In Stolen Pride (New Press, Sept.), sociologist Hochschild studies conservative politics in a Kentucky town.
Your 2016 book Strangers in Their Own Land also examined conservative politics in rural America. Why return to the subject?
A lot has happened since Strangers. I think we’re in a new and more dangerous moment, and I wanted to understand that moment. One guy that I interviewed in Pikeville, Ky., described Donald Trump as lightning in a jar. I wanted to understand that lightning. What’s the excitement? How does charisma really work? How does what Donald Trump says get heard? I don’t think I got there with Strangers.
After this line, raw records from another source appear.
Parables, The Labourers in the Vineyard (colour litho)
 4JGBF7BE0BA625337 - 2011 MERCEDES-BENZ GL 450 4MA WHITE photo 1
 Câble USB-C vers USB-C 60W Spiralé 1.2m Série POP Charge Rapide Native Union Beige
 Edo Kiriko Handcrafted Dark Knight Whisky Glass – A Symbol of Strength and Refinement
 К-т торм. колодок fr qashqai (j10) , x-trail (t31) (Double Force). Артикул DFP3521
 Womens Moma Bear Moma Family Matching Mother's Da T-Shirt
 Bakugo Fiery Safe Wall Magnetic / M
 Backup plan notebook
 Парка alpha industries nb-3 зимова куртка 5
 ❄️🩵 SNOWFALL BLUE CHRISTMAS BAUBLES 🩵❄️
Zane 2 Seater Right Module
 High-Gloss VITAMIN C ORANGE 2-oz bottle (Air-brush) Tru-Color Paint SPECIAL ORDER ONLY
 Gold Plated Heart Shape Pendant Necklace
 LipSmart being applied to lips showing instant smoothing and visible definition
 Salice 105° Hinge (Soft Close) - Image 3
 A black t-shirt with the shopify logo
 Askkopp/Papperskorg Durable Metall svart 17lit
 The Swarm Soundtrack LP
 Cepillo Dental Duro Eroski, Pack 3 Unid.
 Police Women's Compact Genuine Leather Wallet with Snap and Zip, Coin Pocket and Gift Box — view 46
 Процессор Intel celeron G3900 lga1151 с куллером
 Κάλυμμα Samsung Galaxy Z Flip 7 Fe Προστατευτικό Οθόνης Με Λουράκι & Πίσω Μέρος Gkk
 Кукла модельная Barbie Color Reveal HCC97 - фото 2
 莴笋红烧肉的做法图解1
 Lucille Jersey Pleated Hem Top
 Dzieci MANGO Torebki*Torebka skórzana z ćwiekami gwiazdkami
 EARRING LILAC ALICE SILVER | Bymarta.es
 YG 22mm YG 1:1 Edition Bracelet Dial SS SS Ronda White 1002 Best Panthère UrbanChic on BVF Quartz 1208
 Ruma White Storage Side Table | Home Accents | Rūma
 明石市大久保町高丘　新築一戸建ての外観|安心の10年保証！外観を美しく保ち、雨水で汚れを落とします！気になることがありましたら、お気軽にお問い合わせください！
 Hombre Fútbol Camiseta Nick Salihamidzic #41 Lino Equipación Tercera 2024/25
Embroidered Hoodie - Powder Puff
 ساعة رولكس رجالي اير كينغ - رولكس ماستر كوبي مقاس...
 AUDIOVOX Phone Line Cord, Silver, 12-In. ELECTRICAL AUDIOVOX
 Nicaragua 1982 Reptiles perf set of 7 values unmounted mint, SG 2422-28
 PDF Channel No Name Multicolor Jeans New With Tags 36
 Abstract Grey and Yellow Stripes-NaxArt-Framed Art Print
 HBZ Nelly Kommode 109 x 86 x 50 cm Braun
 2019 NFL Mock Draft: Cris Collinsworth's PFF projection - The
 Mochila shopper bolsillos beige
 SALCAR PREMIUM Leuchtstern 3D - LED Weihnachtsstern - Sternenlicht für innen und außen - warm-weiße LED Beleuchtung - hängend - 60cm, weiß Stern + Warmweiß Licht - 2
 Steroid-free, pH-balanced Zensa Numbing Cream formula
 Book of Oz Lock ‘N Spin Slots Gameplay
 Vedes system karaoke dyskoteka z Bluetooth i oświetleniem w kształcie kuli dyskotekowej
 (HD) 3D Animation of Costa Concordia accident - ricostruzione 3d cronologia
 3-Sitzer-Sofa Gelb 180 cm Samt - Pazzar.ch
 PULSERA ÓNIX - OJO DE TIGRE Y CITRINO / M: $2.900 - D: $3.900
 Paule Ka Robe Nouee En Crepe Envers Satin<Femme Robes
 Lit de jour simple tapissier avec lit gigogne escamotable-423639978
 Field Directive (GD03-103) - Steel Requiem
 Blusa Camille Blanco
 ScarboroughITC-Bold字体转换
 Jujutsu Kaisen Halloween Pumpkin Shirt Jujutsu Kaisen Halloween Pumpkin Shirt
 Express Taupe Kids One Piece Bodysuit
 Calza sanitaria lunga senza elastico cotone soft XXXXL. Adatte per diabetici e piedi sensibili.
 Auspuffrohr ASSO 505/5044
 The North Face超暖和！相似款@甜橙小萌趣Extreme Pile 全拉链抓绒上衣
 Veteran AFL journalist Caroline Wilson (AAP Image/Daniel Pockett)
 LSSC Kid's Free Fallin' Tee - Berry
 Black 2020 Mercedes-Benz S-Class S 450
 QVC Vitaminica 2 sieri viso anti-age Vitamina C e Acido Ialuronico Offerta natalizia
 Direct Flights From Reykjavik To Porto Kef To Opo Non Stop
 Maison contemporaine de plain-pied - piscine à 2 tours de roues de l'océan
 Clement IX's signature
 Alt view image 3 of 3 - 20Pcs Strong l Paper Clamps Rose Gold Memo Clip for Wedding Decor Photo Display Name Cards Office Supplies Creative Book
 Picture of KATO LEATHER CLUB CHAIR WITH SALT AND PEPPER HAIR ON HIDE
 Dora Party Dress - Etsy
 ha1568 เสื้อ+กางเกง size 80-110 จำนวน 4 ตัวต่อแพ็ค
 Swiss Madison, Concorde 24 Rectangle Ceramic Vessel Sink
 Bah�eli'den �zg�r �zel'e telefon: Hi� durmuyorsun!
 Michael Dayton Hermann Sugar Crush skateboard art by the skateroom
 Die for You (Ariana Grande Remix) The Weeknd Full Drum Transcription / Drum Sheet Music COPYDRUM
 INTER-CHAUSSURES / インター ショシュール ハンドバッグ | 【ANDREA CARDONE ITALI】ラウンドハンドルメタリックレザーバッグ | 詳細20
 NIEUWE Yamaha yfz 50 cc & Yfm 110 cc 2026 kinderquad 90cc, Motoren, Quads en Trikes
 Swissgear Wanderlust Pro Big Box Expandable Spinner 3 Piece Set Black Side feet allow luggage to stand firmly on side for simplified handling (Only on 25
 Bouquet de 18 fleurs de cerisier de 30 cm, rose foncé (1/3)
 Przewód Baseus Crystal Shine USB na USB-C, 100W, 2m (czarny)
What do you think was missing?
A full understanding of the importance of pride and shame as an emotional layer underneath political talk. In red state rural areas hard hit by post-’70s globalization, the bad news was viewed through a lens of high individualism that believed “if I strike it rich, that’s my pride” and “if I fail, that’s my personal shame.” It’s an economic story of hard luck coupled with a cultural prism that tends to place personal blame on individuals for that hard luck. Whereas in blue states, there’s better economic news, but also economic news is understood through a less individual-centric cultural lens. That makes red states a prime target for someone for whom shame is almost a political ore that he picks for. Trump has what I would call a “shaming ritual.” First, he’ll say something transgressive. Then, he’ll make himself the victim of shaming from a punditry that says “you can’t say that, that’s not American.” Then he’ll roar back at his shamers. I think of this as a very powerful ritual that satisfies. Some of the people I came to know, I ran my interpretation of this ritual by them and they would know what I was talking about—this cathartic performance of shame was recognized as part of his appeal.
When did you realize pride and shame were central to your research?
I noticed that people were very hesitant to speak with me. In 2017, coal jobs are out, opiates are in, they’re struggling with all that—and now a white nationalist march is coming to town, which is what I was there to cover. When I’d ask people “what do you think about this white nationalist march,” they’d respond, “Why are you interested in that? Are you going to say something bad about us?” That was a clue to the fear that I would shame them. When Lyndon Johnson went to Inez, Ky., in ’67 to initiate the war on poverty, photographers took pictures of barefoot children with tousled hair and residents felt shamed before the nation. Many liberals saw the initiative as a good thing, but that wasn’t the message as it was received there. The message there was “we are shamed.”